Je me suis bientôt convaincu que le ducat avait été donné, car le lendemain au soir, le caporal mé rapporta mon livre (c’était le Voyage de Vaillant), et j’y ai trouvé la feuille blanche avant le titre remplie, sans autre cérémonie, d’écriture, Mostowski m’y disait, qu’au mépris de la capitulation signée avec Suwarow, et dont le premier article assurait l’immunité, la sûreté, et l’oubli de tout le passé pour tous les habitants de Varsovie, un ordre signé de la main de Catherine avait fait saisir, lui, Mostowski, Potoçki, Zakrzewski, Kapostas, Kilinski ; que Kollontay s’était enfui, mais se trouvait arrêté par les Autrichiens ; que Samoilow lui avait fait aussi de grandes offres et des menaces, mais moins sévères qu’à moi ; qu’il avait fait ses réponses dans le même sens que moi ; qu’on lui avait dit qu’il n’avait écrit qu’un roman, et que, sachant qu’il avait été à Paris dans l’année 1793, on exigeait qu’il mît par écrit tout ce qu’il savait de la politique, des vues et des projets des chefs de la révolution française. Mostowski, qui était lié avec Vergniaux , ne se fit aucun scrupule de leur dire ce qu’il en savait ; il croyait, en écrivant comment l’émancipation de la Pologne entrait aussi dans les vastes projets des Girondins, empêcher les Russes, par la crainte des conséquences, de se porter aux dernières extrémités envers notre malheureuse patrie. Il s’est trompé en cela ; mais l’événement a prouvé qu’excepté en ce qui concerne la Pologne, le cabinet républiçain, malgré toutes les rivalités , les changements, le flux et le reflux des partis, a toujours suivi fidèlement, dans sa politique extérieure, les vues vastes et ambitieuses de la Gironde. Dès la fin de 1792, il était déjà question de morceler l’Italie en petites républiques, de faire du Rhin la frontière de la France, d’arracher la hollande au stathouder et même de conquérir l’Égypte. Mon ami me mandait encore que, vu le mauvais état de la santé de Potocki et de Zakrzewski, on les avait placés de l’autre côté de la rivière ; que Sokolnicki s’était offert pour tenir compagnie à Zakrzewski, et qu’on avait permis à Libiszewski d’accompagner Wawrzecki qu’on amenait par un autre chemin.

C’est ainsi que nous charmions les ennuis de notre situation, quelquefois en nous écrivant, quelquefois en fredonnant ce que nous voulions nous communiquer, et quand nous avions à nous écrire plus au long, nous nous servions, encore d’un autre moyen que j’expliquerai plus bas.
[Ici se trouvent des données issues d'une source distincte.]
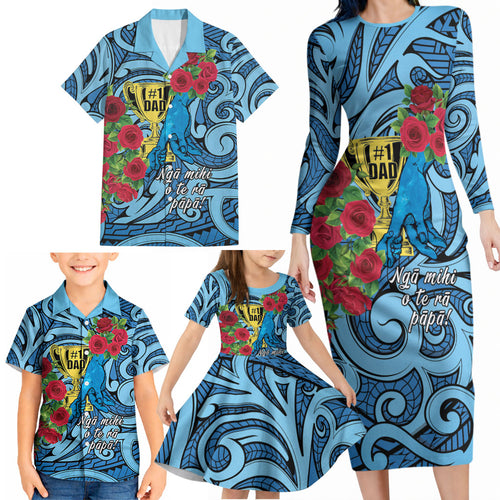 Personalised New Zealand Father's Day Family Matching Long Sleeve Bodycon Dress and Hawaiian Shirt Best Dad Trophy Red Rose Maori Pattern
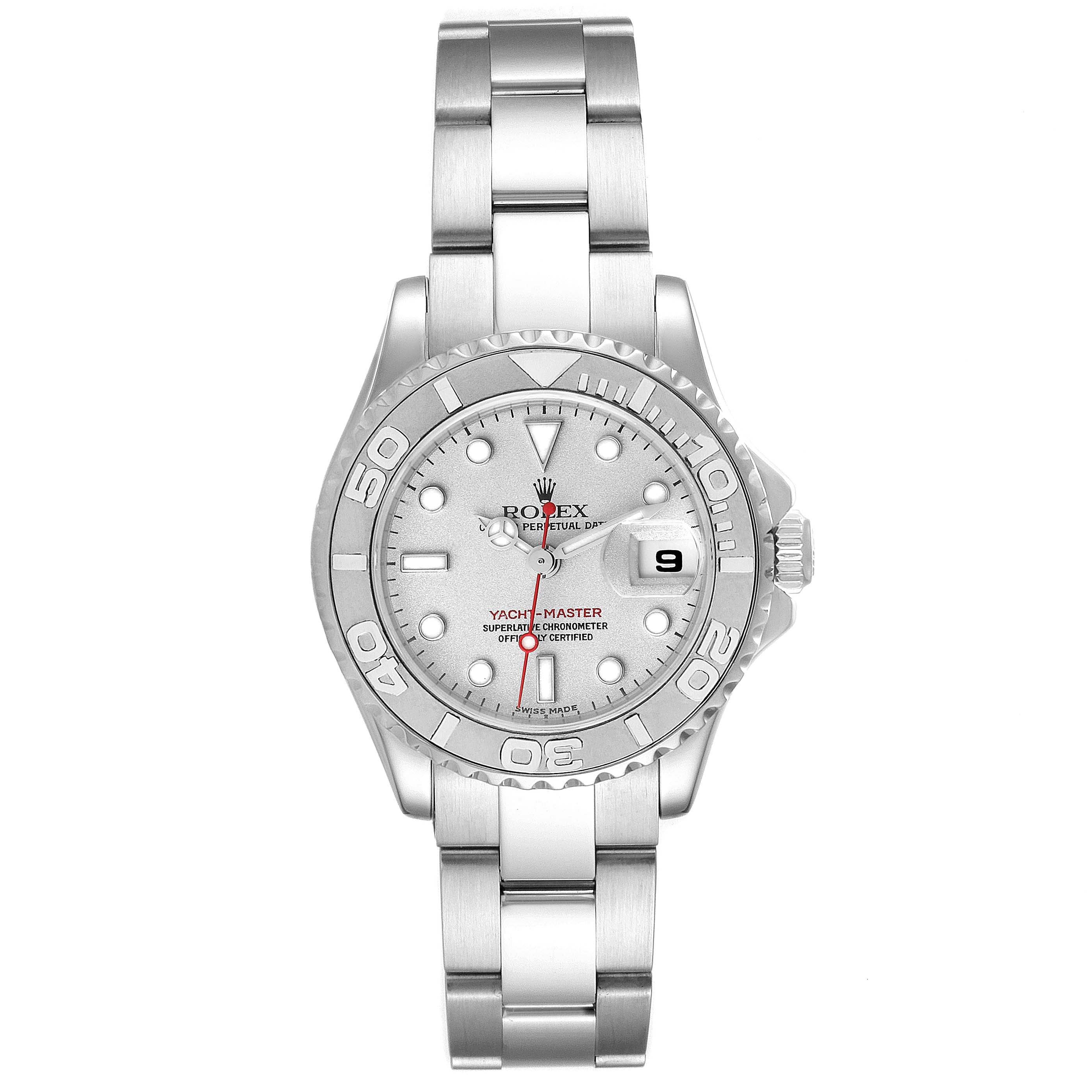 Rolex Yachtmaster 29 Steel Platinum Dial Bezel Ladies Watch 169622 Unworn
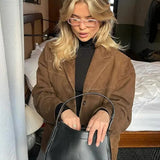 Veste femme élégante en polyester marron pour l'automne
Mais hélas ! cette douce consolation pour moi ne dura guère longtemps. La femme de Mostowski, née princesse Radziwill, arriva à Pétersbourg , et mit tant de zèle à ses démarches, tourmenta tellement le favori de Catherine, Zubow, qu’elle obtint enfin de faire transférer son mari dans une prison plus salubre et plus spacieuse, où il fut mis ensemble avec Zakrzewski. Avant de nous séparer, il me promit de m’envoyer régulièrement des livres et de m’écrire avec de l’encre invisible en marquant l’endroit avec une épingle. Il partit le 15 février 1795, et je n’ai pas besoin d’ajouter combien cette séparation me fut douloureuse.
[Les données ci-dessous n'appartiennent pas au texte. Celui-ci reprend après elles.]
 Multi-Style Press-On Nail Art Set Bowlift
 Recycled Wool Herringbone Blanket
Je puis dire que c’est vers cette époque que finirent les principaux événements de ma captivité et mes communications avec le dehors. Samoilow et Fuchs ne parurent plus du tout ; Makarow même, l’intendant principal de la prison, ne venait que tous les deux ou trois mois dans l’espace de deux années. Je ne vis donc pour ainsi dire une figure, ni n’entendis une voix humaine. Les incidents de la vie de prison arrivés pendant ce long intervalle, étaient en bien petit nombre. Un homme jouissant de sa liberté en rencontre davantage dans l’espace d’une heure ; mais il vivrait un demi-siècle dans le monde, que son imagination, son cœur, ne souffriraient, ne sentiraient peut-être pas autant que ceux d’un prisonnier isolé et abandonné à lui-même. Si j’avais à raconter toutes les idées, tous les fantômes que dans cette solitude mon imagination se créait, les peines que mon coeur souffrait, j’écrirais des volumes ; mais ces récits seraient aussi tristes qu’inutiles, et ma mémoire même répugne aujourd’hui à s’en rappeler le sujet. Je me bornerai donc ici à dire quelques mots sur mes compagnons d’infortune enfermés dans la même prison que moi, puis à ajouter quelques détails sur mon genre de vie dans cette captivité, et le petit nombre d’incidents qui y sont arrivés jusqu’à l’époque de mon élargissement.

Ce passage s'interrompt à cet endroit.